Abbas: Palestine “Would Accept UN Non-Member Status”
Palestinian President Mahmoud Abbas has said that, should Israel not resume peace talks, he would be ready to accept ‘non-member state’ status at the United Nations.
This is the latest comment since last September’s previous Palestinian bid for full member status fell apart when the United States said it would veto. Security Council backing is required for bids for full UN membership and Israel is strongly opposed to any Palestinian bid for UN state recognition over fears it is part of a plan to delegitimise the state of Israel.
Mr. Abbas recently told reporters at a conference in Paris that if Israel decided not to restart negotiations, “we will of course go to the (UN) General Assembly to obtain non-member status.”
Palestine currently has ‘observer’ status at the UN, meaning without voting rights. To upgrade to ‘non-member state’ status would give the country the right to sign certain international treaties, such as the Rome Statute of the International Criminal Court.
Other entities with ‘non-member state’ status include the Vatican, which does not have voting rights either.
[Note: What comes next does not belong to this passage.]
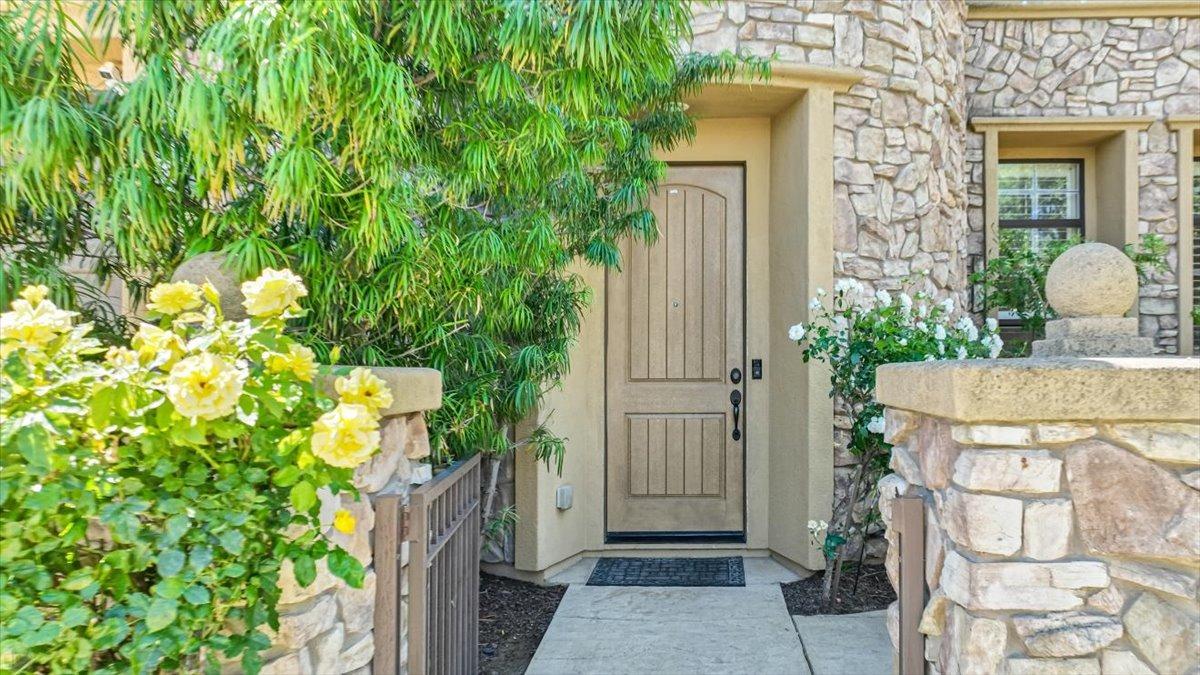 Detail Gallery Image 7 of 94 For 4084 Chiavari Way, Manteca,  CA 95337 - 4 Beds | 3/1 Baths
Approval of the status requires a majority vote from the 193-member UN General Assembly and the Palestinian bid for full member status last year was already backed by 120 Assembly members. In theory, therefore, Palestine is almost certain to gain the ‘non-member status’ should they apply.
One full country leader lending support to the potential bid is France. In a statement, at the same news conference as President Abbas, recently elected President Francois Hollande reversed French policy towards the Palestinians:
“Today, we must do everything to facilitate the recognition of a Palestinian State via a negotiated process.”
Recent peace talks between the Israeli and Palestinian governments fell apart in late 2010 when the Palestinians walked out in protest at the building of Jewish settlements in the occupied West Bank.
Palestine is currently a full member of the cultural arm of the UN, Unesco.
This was not without its controversy. Upon Palestine’s election to the body, the Obama Administration said it would cut funding to Unesco. Its membership dues currently provide around one fifth of the organizations budget.
Palestinian membership to Unesco has broadly been welcomed and seen as a step towards improving and strengthening the Palestinian’s position at the UN.